# EXERCISE INSTRUCTIONS
Which of the lines below mention the word "coffee"? Pull each one out.

# THE DATA
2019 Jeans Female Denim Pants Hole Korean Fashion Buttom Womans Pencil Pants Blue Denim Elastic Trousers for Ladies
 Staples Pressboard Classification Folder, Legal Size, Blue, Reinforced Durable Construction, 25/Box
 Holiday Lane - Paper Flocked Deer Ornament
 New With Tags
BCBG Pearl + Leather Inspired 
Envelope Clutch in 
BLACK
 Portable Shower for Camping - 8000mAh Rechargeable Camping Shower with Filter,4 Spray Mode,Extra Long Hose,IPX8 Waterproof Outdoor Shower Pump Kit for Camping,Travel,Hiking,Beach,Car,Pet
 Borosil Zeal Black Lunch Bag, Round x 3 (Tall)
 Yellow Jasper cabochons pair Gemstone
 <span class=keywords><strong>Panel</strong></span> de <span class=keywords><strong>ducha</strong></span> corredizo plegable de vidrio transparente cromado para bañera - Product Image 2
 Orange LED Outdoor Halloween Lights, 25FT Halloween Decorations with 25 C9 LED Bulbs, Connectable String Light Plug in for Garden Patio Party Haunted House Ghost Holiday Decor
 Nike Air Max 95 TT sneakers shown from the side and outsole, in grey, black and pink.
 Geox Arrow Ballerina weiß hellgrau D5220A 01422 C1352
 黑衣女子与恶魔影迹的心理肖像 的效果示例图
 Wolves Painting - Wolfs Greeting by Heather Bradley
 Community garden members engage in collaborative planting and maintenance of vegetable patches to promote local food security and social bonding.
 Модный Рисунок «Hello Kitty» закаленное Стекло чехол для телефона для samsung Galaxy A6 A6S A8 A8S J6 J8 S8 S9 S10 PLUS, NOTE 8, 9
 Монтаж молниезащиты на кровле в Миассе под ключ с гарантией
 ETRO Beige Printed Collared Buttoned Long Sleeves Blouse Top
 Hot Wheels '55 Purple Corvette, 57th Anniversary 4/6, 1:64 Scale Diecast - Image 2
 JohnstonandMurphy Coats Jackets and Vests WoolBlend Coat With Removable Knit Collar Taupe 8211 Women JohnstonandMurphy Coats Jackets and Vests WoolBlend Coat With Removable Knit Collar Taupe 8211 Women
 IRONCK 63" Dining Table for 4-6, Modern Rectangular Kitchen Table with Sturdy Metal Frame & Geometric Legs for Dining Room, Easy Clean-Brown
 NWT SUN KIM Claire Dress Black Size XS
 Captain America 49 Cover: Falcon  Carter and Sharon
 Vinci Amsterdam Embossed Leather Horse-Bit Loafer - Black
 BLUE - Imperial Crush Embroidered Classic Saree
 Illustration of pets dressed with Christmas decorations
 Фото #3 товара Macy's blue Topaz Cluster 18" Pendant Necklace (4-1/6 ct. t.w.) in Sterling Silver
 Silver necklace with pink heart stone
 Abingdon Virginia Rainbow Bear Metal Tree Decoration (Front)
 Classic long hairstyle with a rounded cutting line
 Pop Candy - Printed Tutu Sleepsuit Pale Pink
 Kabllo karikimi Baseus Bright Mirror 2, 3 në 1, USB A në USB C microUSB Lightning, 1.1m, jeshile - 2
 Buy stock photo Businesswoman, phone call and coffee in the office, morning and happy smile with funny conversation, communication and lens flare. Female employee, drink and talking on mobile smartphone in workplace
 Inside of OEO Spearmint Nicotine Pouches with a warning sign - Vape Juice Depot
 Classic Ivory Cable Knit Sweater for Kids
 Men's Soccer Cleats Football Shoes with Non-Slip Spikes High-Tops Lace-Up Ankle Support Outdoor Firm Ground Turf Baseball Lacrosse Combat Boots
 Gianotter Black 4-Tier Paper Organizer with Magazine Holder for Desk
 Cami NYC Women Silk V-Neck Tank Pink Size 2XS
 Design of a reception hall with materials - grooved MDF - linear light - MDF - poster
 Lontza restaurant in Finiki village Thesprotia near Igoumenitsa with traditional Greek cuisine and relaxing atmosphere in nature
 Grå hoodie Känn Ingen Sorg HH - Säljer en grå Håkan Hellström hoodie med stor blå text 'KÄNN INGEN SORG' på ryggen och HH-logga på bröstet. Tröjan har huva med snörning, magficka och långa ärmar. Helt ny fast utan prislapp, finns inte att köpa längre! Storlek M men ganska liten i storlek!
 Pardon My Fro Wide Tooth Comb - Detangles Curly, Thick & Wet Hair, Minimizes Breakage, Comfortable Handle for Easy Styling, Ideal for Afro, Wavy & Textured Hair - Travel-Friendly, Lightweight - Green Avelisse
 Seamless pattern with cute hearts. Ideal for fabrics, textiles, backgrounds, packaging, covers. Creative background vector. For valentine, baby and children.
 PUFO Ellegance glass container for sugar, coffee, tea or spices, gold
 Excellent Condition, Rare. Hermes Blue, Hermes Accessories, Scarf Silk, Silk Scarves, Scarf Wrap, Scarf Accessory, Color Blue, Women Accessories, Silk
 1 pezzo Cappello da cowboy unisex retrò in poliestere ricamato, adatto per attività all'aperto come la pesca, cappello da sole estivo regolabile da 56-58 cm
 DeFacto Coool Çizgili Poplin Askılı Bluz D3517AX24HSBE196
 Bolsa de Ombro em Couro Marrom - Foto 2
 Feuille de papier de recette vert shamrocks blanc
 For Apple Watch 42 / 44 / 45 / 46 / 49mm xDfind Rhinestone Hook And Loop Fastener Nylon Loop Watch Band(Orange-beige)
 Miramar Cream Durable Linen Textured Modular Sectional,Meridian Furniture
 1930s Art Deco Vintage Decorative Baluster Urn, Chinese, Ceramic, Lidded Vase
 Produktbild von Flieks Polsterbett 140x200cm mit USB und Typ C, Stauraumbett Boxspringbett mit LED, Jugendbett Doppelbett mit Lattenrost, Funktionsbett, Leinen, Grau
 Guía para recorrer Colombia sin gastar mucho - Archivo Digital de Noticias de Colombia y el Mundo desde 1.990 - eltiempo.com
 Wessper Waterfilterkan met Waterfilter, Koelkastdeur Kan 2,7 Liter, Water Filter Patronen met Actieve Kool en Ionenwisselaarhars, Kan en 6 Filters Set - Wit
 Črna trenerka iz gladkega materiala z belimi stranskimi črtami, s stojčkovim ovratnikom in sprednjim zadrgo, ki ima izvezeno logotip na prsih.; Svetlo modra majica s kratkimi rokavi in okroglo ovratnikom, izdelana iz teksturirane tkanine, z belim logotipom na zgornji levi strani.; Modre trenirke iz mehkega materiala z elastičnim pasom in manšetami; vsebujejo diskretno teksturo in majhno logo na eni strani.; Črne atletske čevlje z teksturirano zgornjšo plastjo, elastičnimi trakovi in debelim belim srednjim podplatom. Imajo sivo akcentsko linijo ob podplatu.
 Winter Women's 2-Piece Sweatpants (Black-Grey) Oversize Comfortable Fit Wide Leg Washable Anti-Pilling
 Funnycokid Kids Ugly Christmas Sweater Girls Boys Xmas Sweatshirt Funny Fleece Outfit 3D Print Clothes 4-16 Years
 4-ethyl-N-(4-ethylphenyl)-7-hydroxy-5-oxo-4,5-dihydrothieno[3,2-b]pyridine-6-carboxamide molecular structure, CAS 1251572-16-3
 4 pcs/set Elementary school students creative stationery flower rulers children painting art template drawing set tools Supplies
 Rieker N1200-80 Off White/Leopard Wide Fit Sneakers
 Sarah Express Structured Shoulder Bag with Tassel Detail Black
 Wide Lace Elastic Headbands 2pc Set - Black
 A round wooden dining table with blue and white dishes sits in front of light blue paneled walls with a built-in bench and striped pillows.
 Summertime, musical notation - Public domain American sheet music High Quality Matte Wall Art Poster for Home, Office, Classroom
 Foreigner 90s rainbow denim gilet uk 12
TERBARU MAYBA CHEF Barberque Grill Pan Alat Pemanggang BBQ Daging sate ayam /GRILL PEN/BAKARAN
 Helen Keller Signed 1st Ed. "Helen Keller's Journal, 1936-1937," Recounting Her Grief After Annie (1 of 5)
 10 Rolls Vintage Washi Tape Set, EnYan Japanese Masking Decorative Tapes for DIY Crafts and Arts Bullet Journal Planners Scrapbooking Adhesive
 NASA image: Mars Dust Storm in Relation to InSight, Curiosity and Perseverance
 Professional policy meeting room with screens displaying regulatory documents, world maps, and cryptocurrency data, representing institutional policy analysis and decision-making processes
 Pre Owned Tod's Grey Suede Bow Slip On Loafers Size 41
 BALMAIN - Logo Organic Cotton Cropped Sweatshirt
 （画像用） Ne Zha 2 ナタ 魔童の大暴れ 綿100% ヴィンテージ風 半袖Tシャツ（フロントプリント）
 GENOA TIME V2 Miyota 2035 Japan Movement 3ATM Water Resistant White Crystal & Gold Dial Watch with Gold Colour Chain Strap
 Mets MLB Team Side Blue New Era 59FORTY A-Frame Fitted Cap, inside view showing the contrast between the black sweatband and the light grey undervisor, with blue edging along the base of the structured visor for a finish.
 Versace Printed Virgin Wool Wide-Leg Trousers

# TASK OUTPUT
 Buy stock photo Businesswoman, phone call and coffee in the office, morning and happy smile with funny conversation, communication and lens flare. Female employee, drink and talking on mobile smartphone in workplace
 PUFO Ellegance glass container for sugar, coffee, tea or spices, gold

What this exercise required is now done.